The role of the telecommunications sector simply cannot be over-emphasised, Álvarez-Pallete says. “No other industry has contributed to the economic and social welfare as telecommunications. Without us, everything would be worse and many people would be left behind forever, for good, caught in the technological disruption gap.”
The industry’s contribution is also critical to creating a more sustainable and efficient world. “Climate change is the major challenge humanity is facing. Our industry has an enormous amount to contribute. In simple terms, there is no energy transition without digitisation,” he says.
The new era of digitalisation is already showing its potential, but the greatest progress is yet to come. “This is just starting. Ultrabroadband connectivity is already here,” Álvarez-Pallete says.

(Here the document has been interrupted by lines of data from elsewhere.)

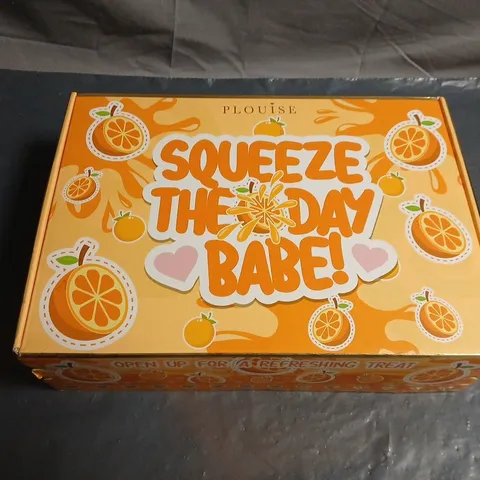 PLOUISE SQUEEZE THE DAY BABE! BOX –MYSTERY BOX 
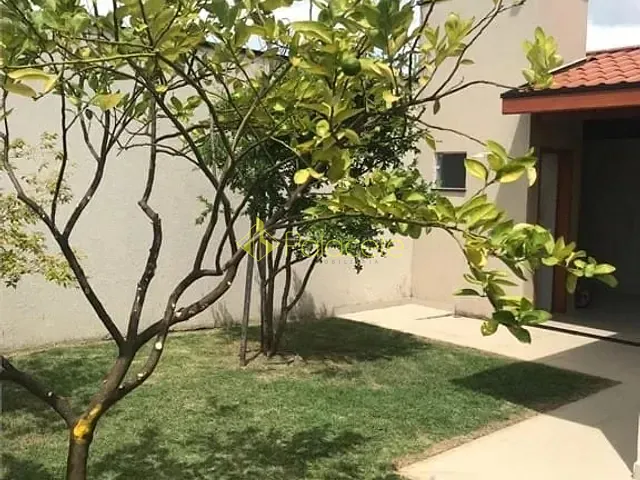 Casa com 300m² 3 quartos e 4 banheiros, à venda, no bairro Jardim de Alah em Taubaté
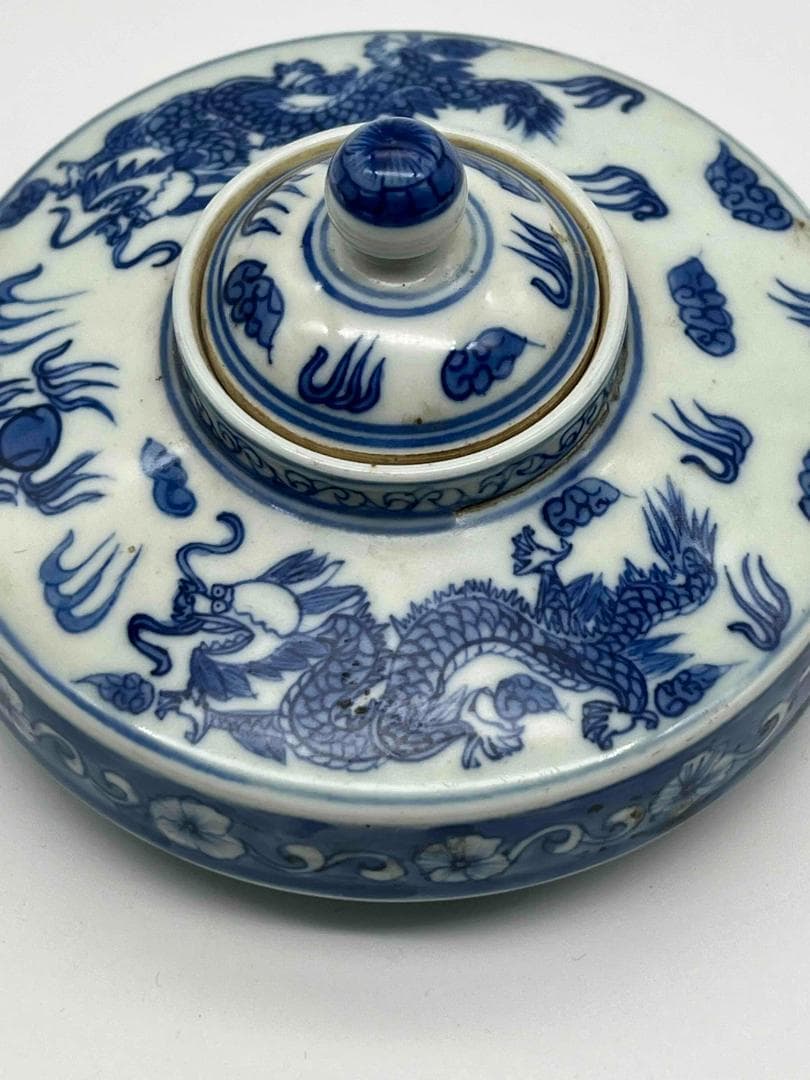 清康熙時代 【大清康熙年製】在銘 染付 青花花卉瑞獸文水注　蓋付き(E-43)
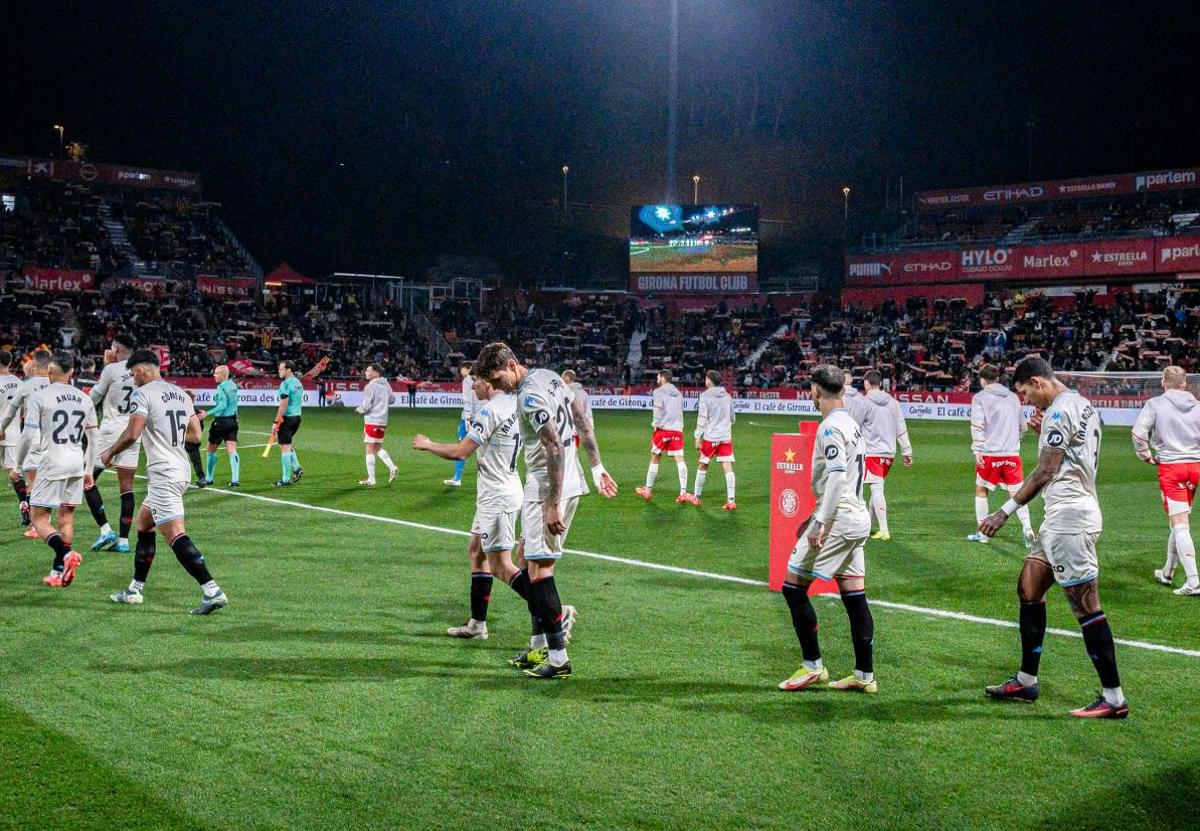 Salida de los jugadores del Real Valladolid y Girona al césped de Montilivi.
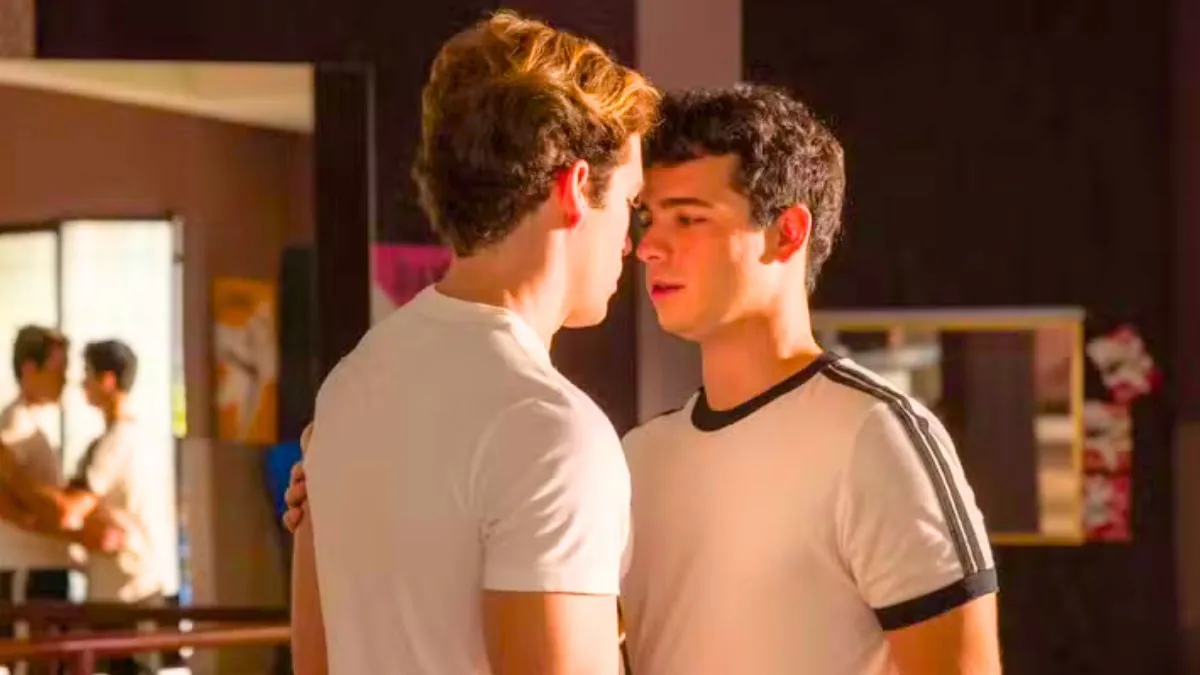 Primeiro beijo de personagens em novela da Globo repercute nas redes sociais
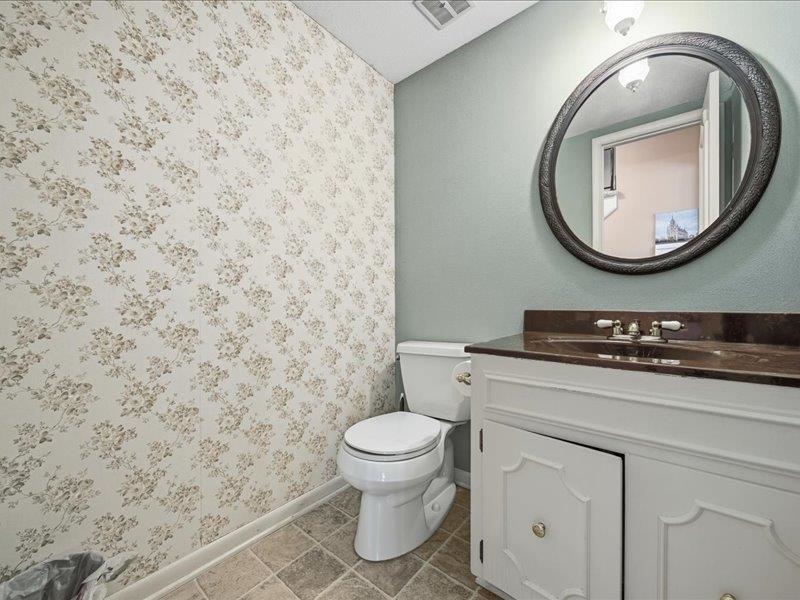 8302 E Limerick Property Photo 7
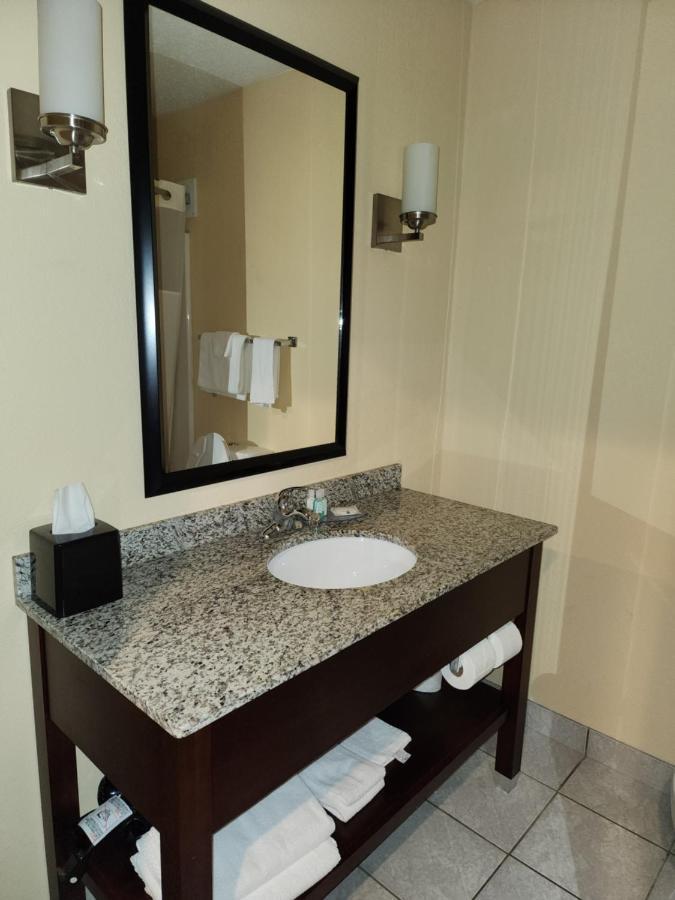 Quality Inn & Suites Bellville - Mansfield Luaran gambar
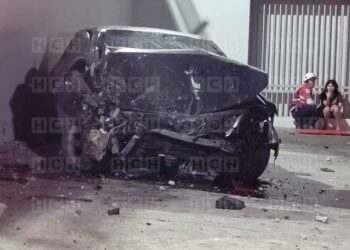 Pareja sobrevive a aparatoso choque en bulevar Fuerzas Armadas | Móvil Emergencia TGU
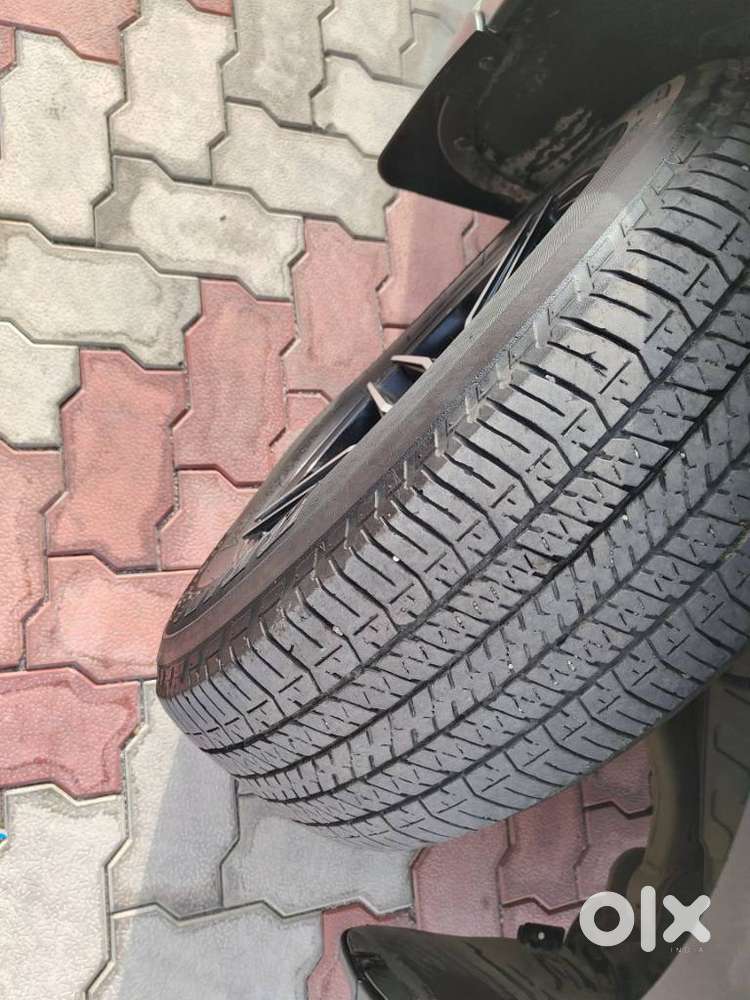 Mahindra Xuv500, 2019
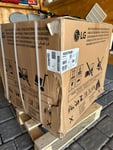 Trotz die Schädigung der Verpackung, Gerät ist unbeschädigt. 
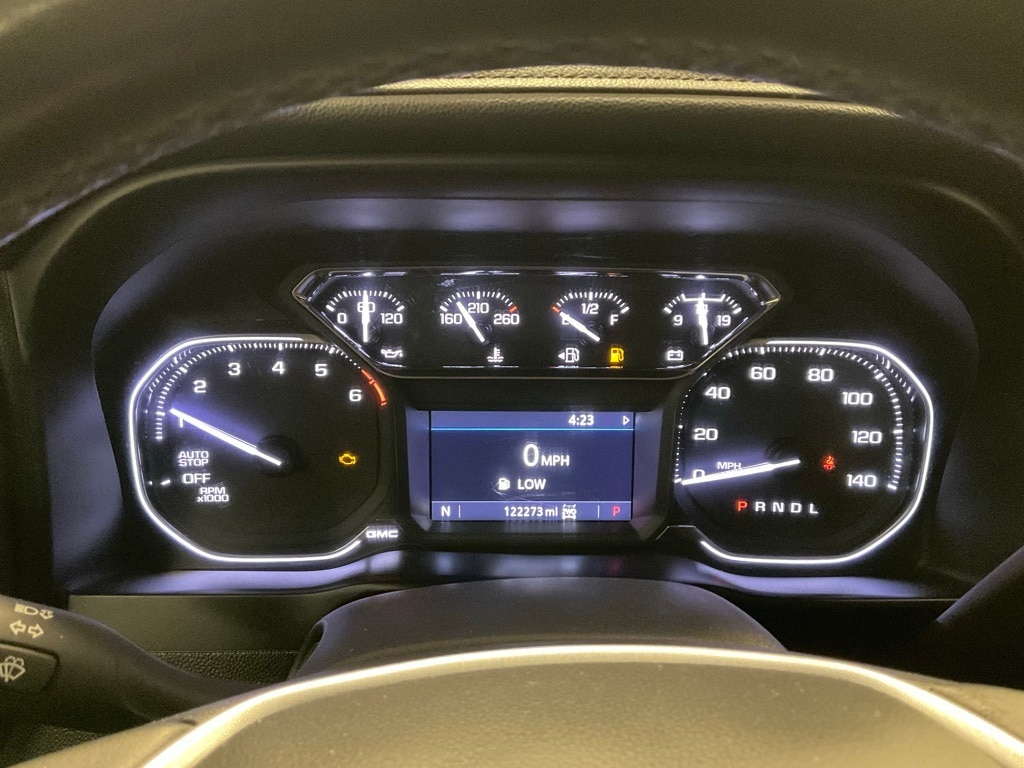 Used 2021 GMC Sierra 1500 SLE with VIN 3GTU9BEDXMG230984 for sale in Moorhead, Minnesota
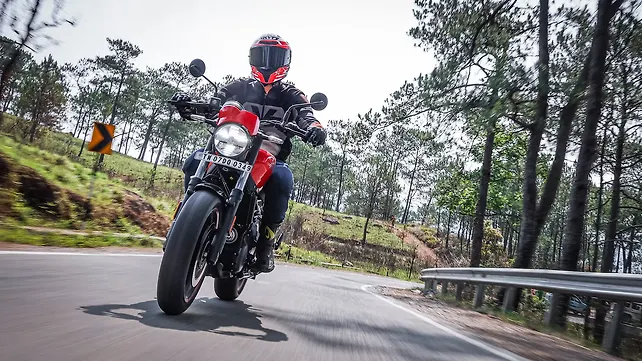 Royal Enfield Guerrilla 450 Right Side View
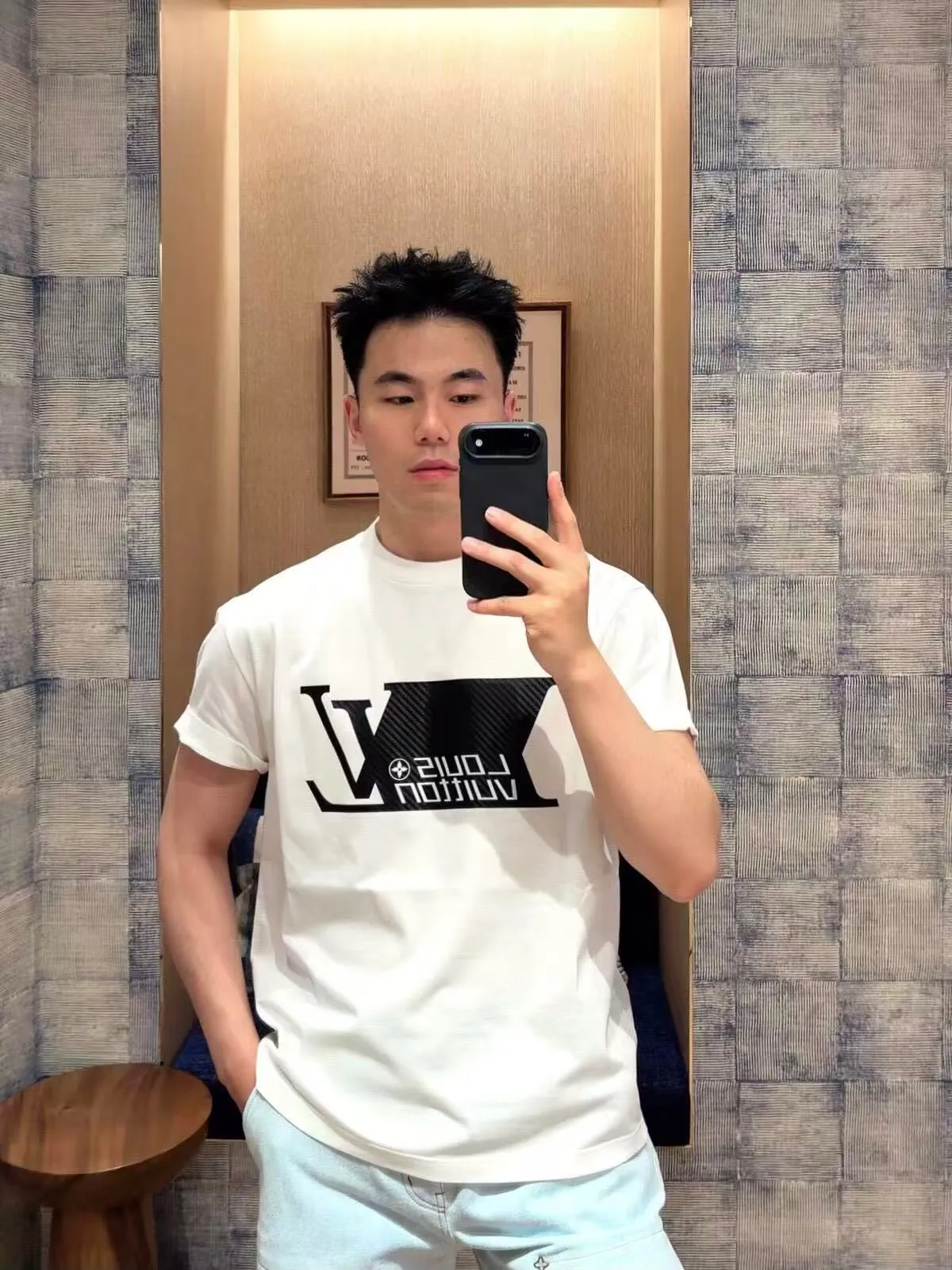 Louis Vuitton/ logo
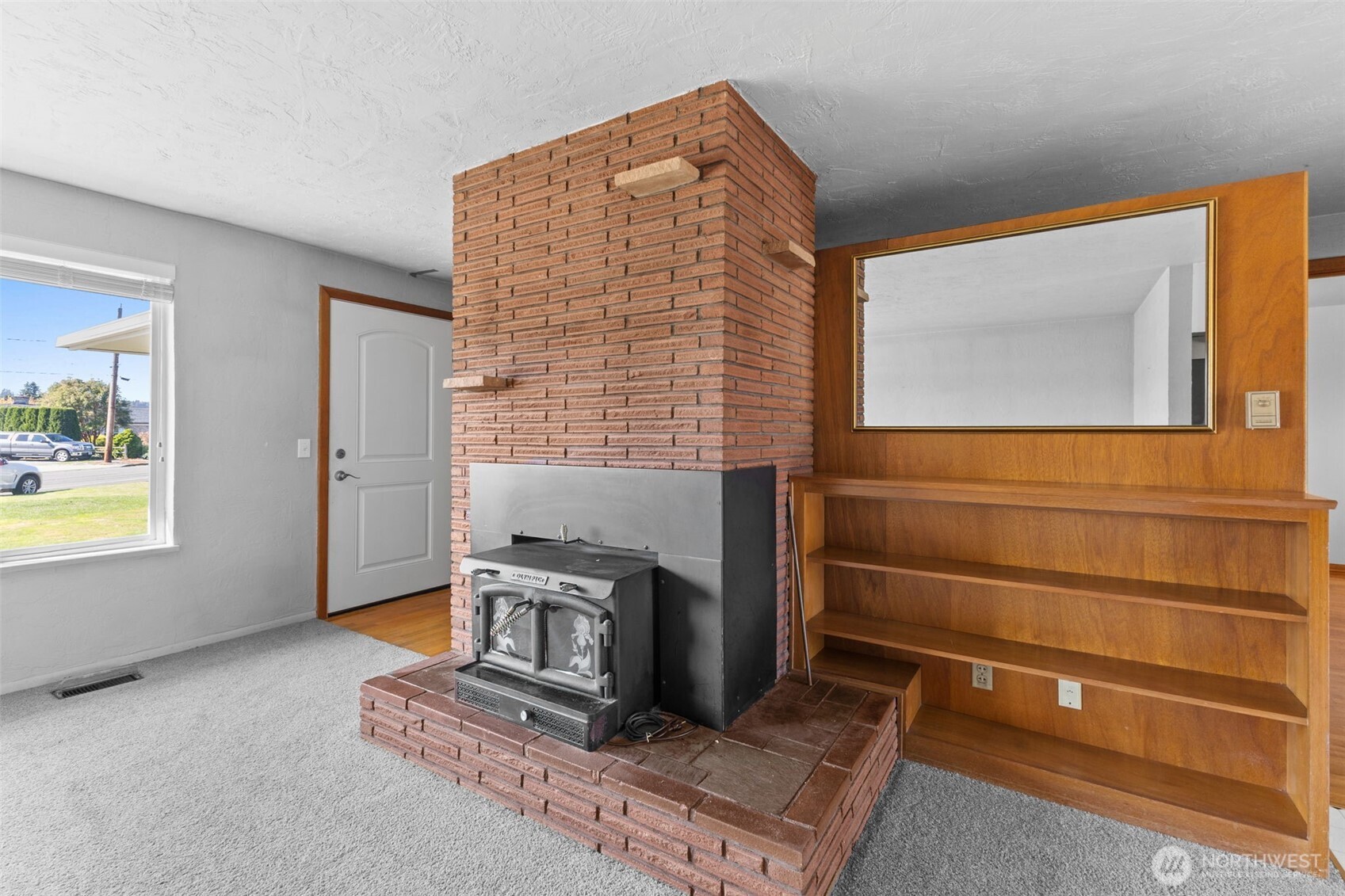 1819 Tacoma Road Property Photo 4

“Processing and storage capacity are growing exponentially and moving to the cloud. Virtual, augmented, and enhanced reality are changing how we experience everything. Internet of Things and Big Data are producing and handling huge amounts of data.
“And more is coming: blockchain, quantum computing, cybersecurity, edge computing, stand-alone 5G and artificial intelligence. A new immersive world is almost here with Web3 and the Metaverse, which are already delivering mind-blowing disruption.”
In this new era, we can’t lose sight of the human and social dimension, Álvarez-Pallete says. “Human beings must never be categorised by their access to digitisation. There should be no distinction between those who have the access to the new digital world and those who do not.
“If we do it right, this digital revolution will bring social progress,” he says. “Because the digital world must be a better world. It is our collective responsibility to spread the benefits of digitisation and make sure that we do not leave anyone behind.”
In enabling this new world, Álvarez-Pallete calls for collaboration and urges the private and public sectors to strengthen ties and unify their views so that “together we are capable of not building walls, but opening doors.
“Together, our strength and ambition are greater,” he says. “Together, we will achieve the greatest challenges. Together, we can do incredible things and deliver incredible benefits for all.”